Jersey Adaları'nda kurulan şirket için dönemin EÜAŞ Genel Müdürü Halil Alış "Ortağımız olan Japonya ve Fransa da böyle bir off-shore şirketini kurdular, bizi bekliyorlar. Biz o şirketi kurma işlemlerini tamamladıktan sonra üçümüz -yani Fransızlar, Japonlar ve biz- kurduğumuz o off-shore şirketleriyle birlikte Türkiye'de yeni bir proje şirketi kuracağız." demişti. Yalnız geçenlerde bu konu kamuoyunda gündeme geldiğinde Enerji Bakanına bir soru önergesi vermiştim. "Bakanlığımızla ilgili kamu iktisadi teşebbüslerinin yurt dışında 14 adet şirketi bulunmakta. Bahse konu şirketler Jersey Kanal Adaları, Finlandiya, Rusya, Lüksemburg, Amerika, Çin ve Hong Kong'da bulunmakta olup hiçbir şirketin yabancı ortağı bulunmamaktadır." diye, iki çelişkili cevap geldi Bakanlıktan. Şimdi bu konuyu iki ayrı cevaptan yola çıkarak sormak istiyorum: EÜAŞ tarafından kurulan off-shore şirketin yabancı ortağı bulunmakta mıdır? İkincisi, Sinop Nükleer Santrali inşası için Türkiye'de yeni bir proje şirketi kurulmuş mudur? Proje için hangi ülkelerle görüşmeler yapılmıştır?

Ayrıca EÜAŞ, 2019 yılında Çanakkale'deki Çan-2 Termik Santrali'nden yedi yıl boyunca teşvikli elektrik alımı yapmak üzere sözleşme yapmıştı. Anlaşma, yerli kömür yakıtı kullanmak durumunda. Anlaşma uyarınca şirketin gelirler tutarı 2019 yılı dönemi için ABD dolarına endeksli asgari 64 milyon, azami 70,4 milyon dolar şeklinde olacaktır.

EÜAŞ, 2019 yılı başında Şubat ayından itibaren yıl sonuna kadar on bir ay boyunca yerli kömür ve elektrik üreten özel sektör santrallerinden toplam 24 milyar kilovatsaat elektrik alacağını duyurmuştu. Şubat ve mart aylarındaki alım fiyatı megavatsaat başına 285 lira olurken, sonraki üçer aylık dilimler için de ayrı ayrı fiyatlar belirleneceği ilan edilmişti.

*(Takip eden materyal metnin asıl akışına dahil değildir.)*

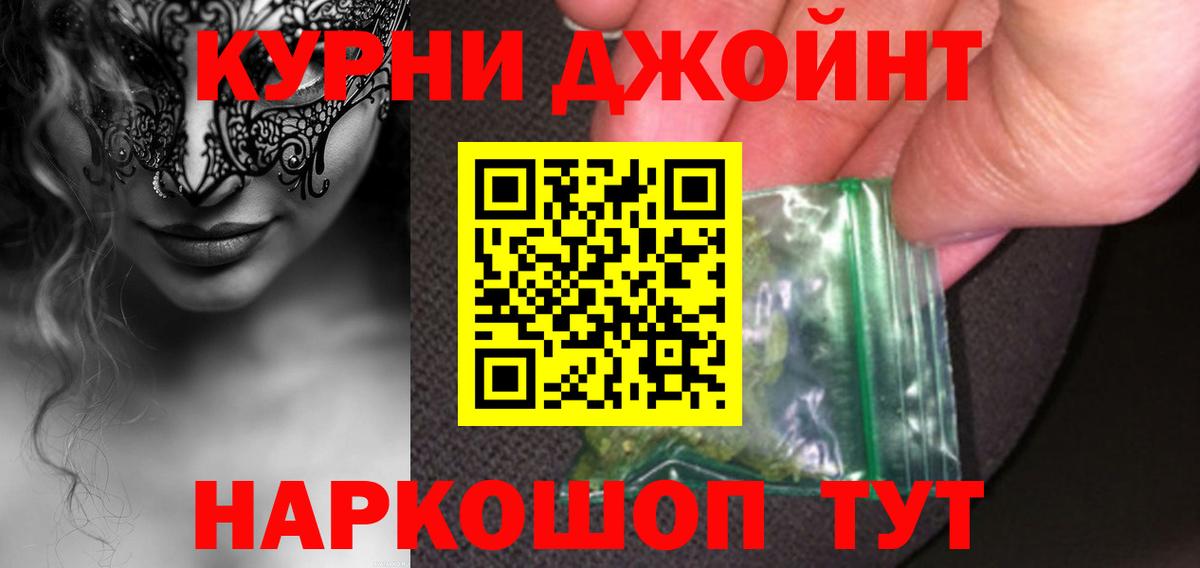 Бошки Шишки гибрид Гусев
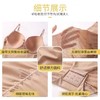 连体塑身衣女收腹无痕衣束腰提臀收肚子聚拢免穿文胸薄款 商品缩略图2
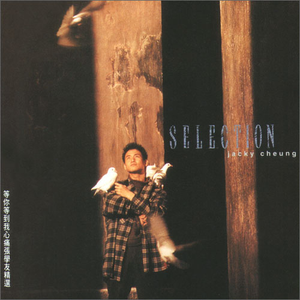 动漫插小穴视频
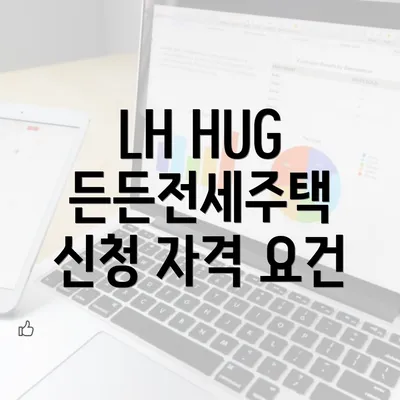 LH HUG 든든전세주택 신청 자격 요건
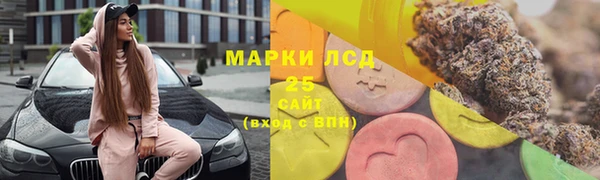метадон Абаза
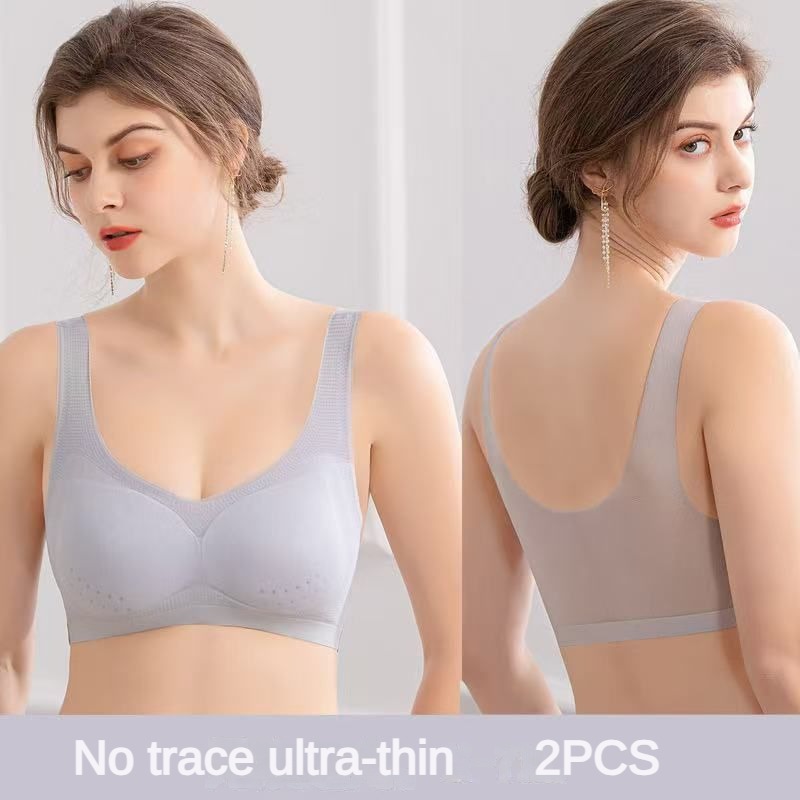 Wire Free Bralette Seamless Sl - Sleep Bra Bralette บทวิจารณ์และราคา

Sorum şu: Elektrik üretiminde yerli kömürün kullanım payını artırmak için uygulama yapılıp dövizle ilgili herhangi bir bildirim bulunmazken, ülkemizde döviz fiyatları ağırlıklı yükselme eğilimi gösterirken ve 2018'de Türk lirasını korumayla ilgili Cumhurbaşkanlığı kararnamesi varken; 2019 yılında yapılan bu dövize endeksli, döviz fiyatları ağırlıklı yükselme eğilimi gösterirken Çan-2 Termik Santrali'nden doğrudan dolarla elektrik alım garantisi verilmesinin nedeni nedir?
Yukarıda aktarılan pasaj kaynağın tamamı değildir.